* [Extracted data]

▬▬▬▬▬▬▬▬▬▬

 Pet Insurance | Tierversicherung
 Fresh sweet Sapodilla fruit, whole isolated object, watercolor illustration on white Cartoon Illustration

▬▬▬▬▬▬▬▬▬▬

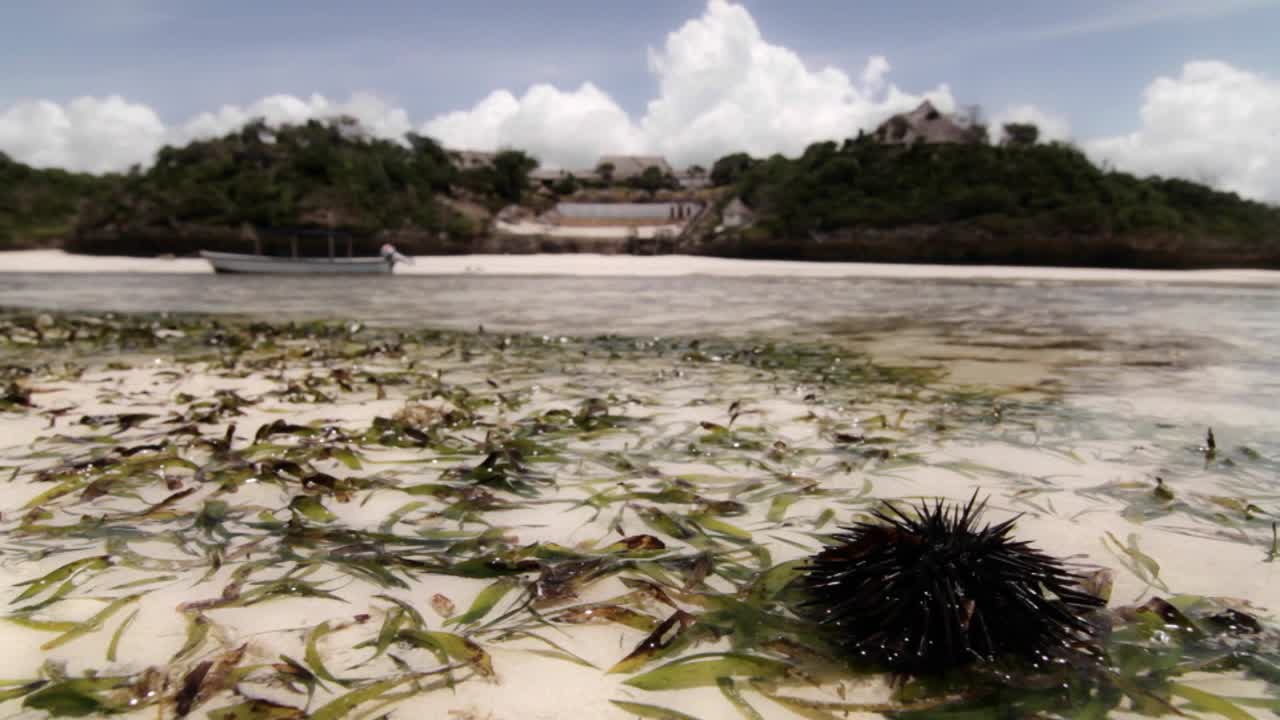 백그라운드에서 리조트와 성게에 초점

▬▬▬▬▬▬▬▬▬▬

* [Instructions to follow] Please reproduce, exactly as they appear above, the lines from the line containing "Pet Insurance | Tierversicherung" up to and including the line containing "Fresh sweet Sapodilla".

* [Result]
 Pet Insurance | Tierversicherung
 Fresh sweet Sapodilla fruit, whole isolated object, watercolor illustration on white Cartoon Illustration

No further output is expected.